Keith J. Kelly

Keith J. Kelly

Media

Bloomberg biz empire lays down the ‘Law’

Bloomberg LP is folding Bloomberg Law into its Bloomberg Bureau of National Affairs unit and is expected to lay off an undisclosed number of journalists as part of “rebranding.”

BBNA was built around Bloomberg’s acquisition of the Bureau of National Affairs in 2011 for $990 million, the largest purchase in its history.

The company is insisting that many of the 250 journalists at Bloomberg Law will be offered jobs at Arlington, Va.-based BBNA, a provider of legal and regulatory news and information.

Shutting Bloomberg Law represents a rare retreat for the company, founded by Mayor Mike Bloomberg, which has been trying to diversify its base beyond its core financial news and data business for five years.

Bloomberg Law was seen as a way to get away from the desktop terminal business and make some inroads into the legal research field dominated by Thomson Reuters’ Westlaw and Reed Elsevier’s Lexis/Nexis.

But even Lexis/Nexis has stumbled recently, announcing that its once-dominant legal publishing subsidiary, Martindale-Hubbell, and lawyers.com were merging with Internet Brands.

The future of Bloomberg — both the man and the company — is the subject of growing speculation.

As Mayor Bloomberg’s term draws to a close, many wonder what his next move will be, with guesses ranging from advocating political causes to taking a top government position to pursuing a buyout of the New York Times.

Bloomberg has said in the past he is not going to buy the Times, but that has not shut down the rumor mill.

Amazon founder Jeff Bezos’ recent move to buy the Washington Post for $250 million has ramped up chatter that Bloomberg could follow the same path and use his personal fortune to buy the Times. The controlling Sulzberger clan has insisted that the paper is not for sale. Bloomberg has also said he has no intention of returning to day-to-day management of the company.

Separately yesterday, Bezos gave his first major post-acquisition interview since he agreed to buy the Washington Post from the controlling Graham family.

“It’s important for the Post not just to survive but to grow,” he said in the interview with the Washington Post’s Paul Farhi.

“The Post is still great. The piece that’s missing is that it’s still a challenged business. No business can continue to shrink. That can only go on for so long before irrelevancy sets in.”
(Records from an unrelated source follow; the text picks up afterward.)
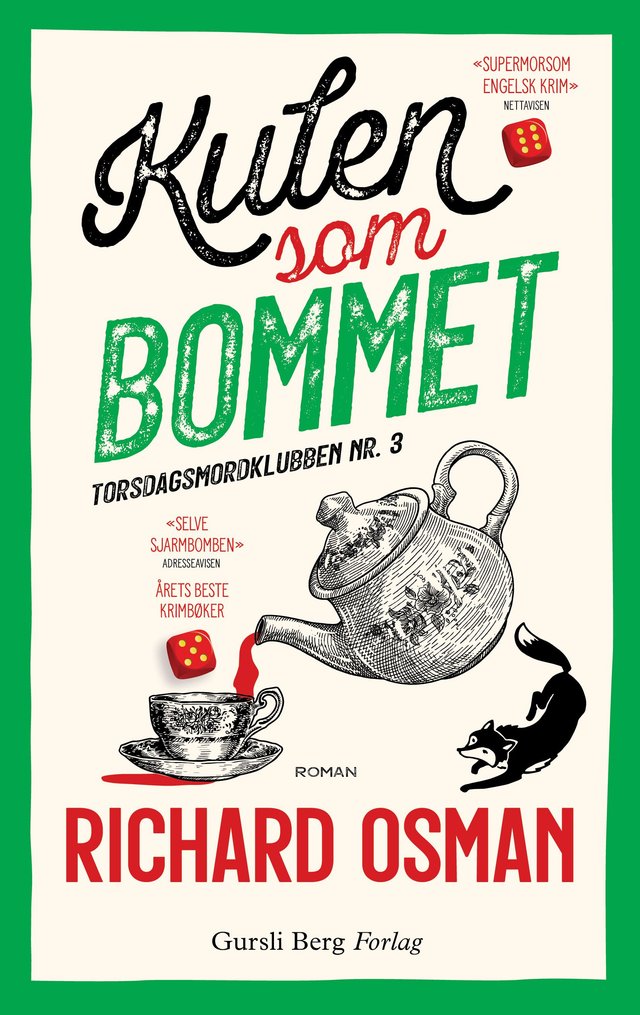 "Kulen som bommet" av Richard Osman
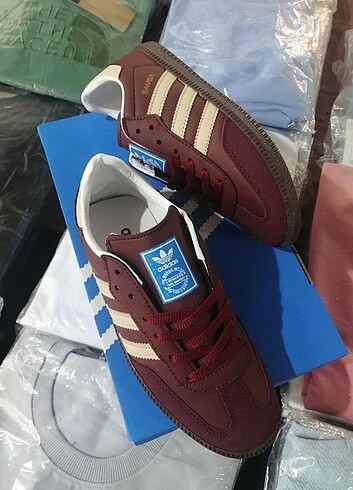 Adidas ADİDAS SAMBA BORDO YENİ SEZON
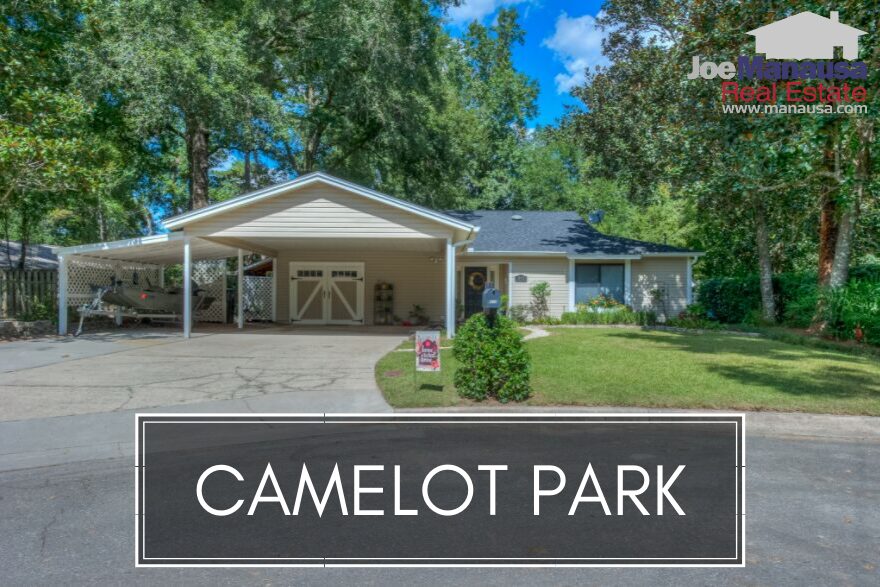 Camelot Park is located in NE Tallahassee, Florida. 
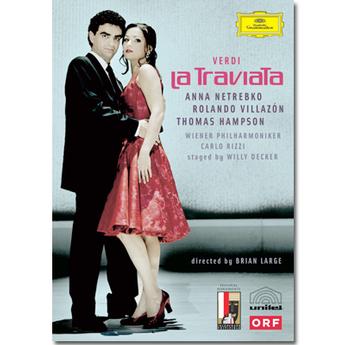 La Traviata (Blu-ray) - Netrebko, Villazón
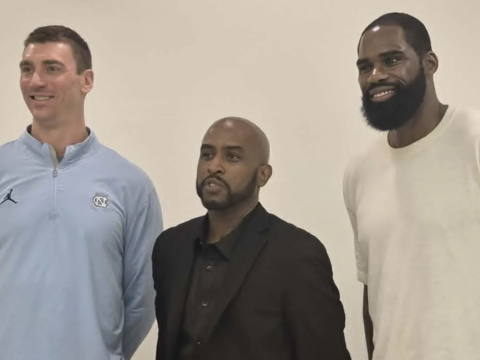 Beyond the rafters: Hansbrough, Jamison take their legacies to the classroom Beyond the rafters: Hansbrough, Jamison take their legacies to the classroom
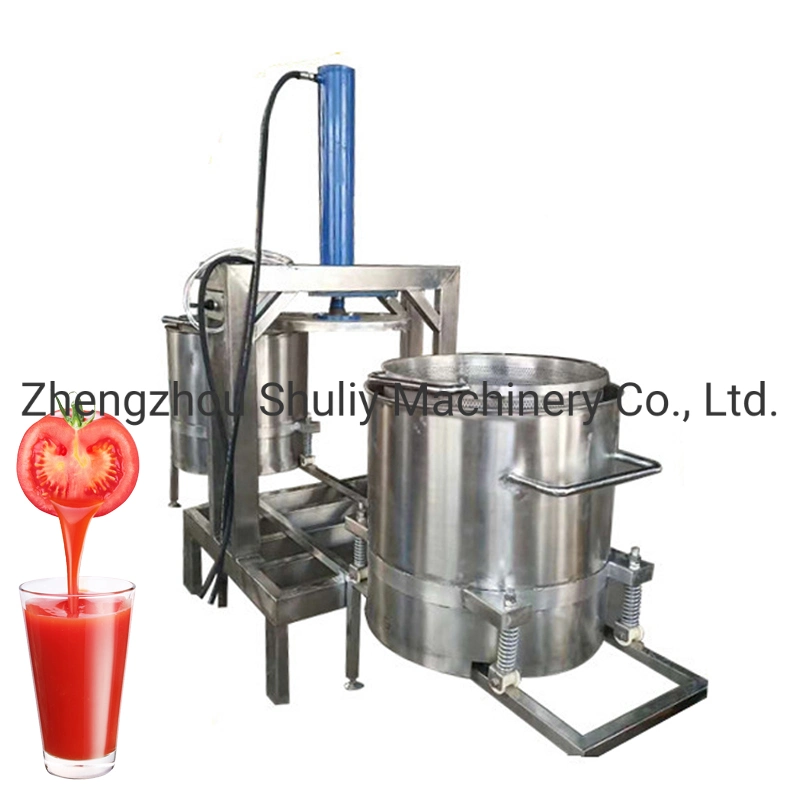 Hydraulic Vegetable Extractor Machine Juice Press Machine Mango Fruit Squeezer Machine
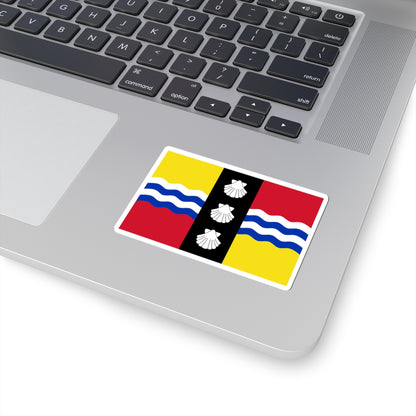 Banner of Bedfordshire council (England) STICKER Vinyl Kiss-Cut Decal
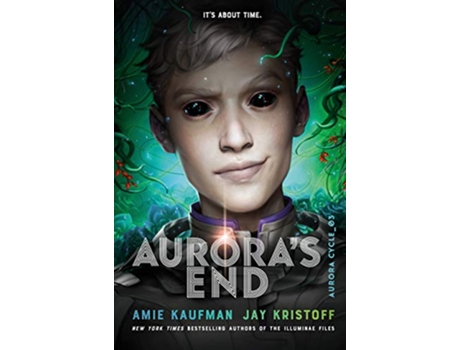 Livro Auroras End de Amie Kaufman e Jay Kristoff (Inglês - Capa Dura)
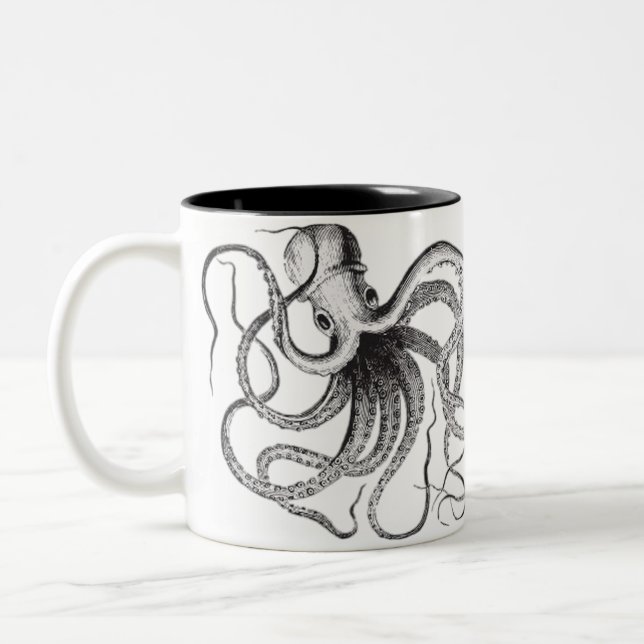 Taza de café del pulpo (Izquierda)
The Amazon boss has been a master of figuring out what consumers want, in the process building a personal fortune that is estimated at more than $24 billion — roughly on a par with Bloomberg’s net worth.

Still, Bezos admitted he has no magical solution to the newspaper industry’s circulation and advertising woes.

“In my experience, the way invention, innovation and change happen is [through] team effort. There’s no lone genius who figures it all out and sends down the magic formula. You study, you debate, you brainstorm and the answers start to emerge.

“It takes time. Nothing happens quickly in this mode. You develop theories and hypotheses, but you don’t know if readers will respond. You do as many experiments as rapidly as possible. Quickly in my mind would be years.”

He said the formula of asking readers to pay for news that they can get free elsewhere is flawed. On the other hand, he said it is important to have readers at the centerpiece.

“I’m skeptical of any mission that has advertisers as its centerpiece. Whatever the mission is, it has news at its heart,” he said.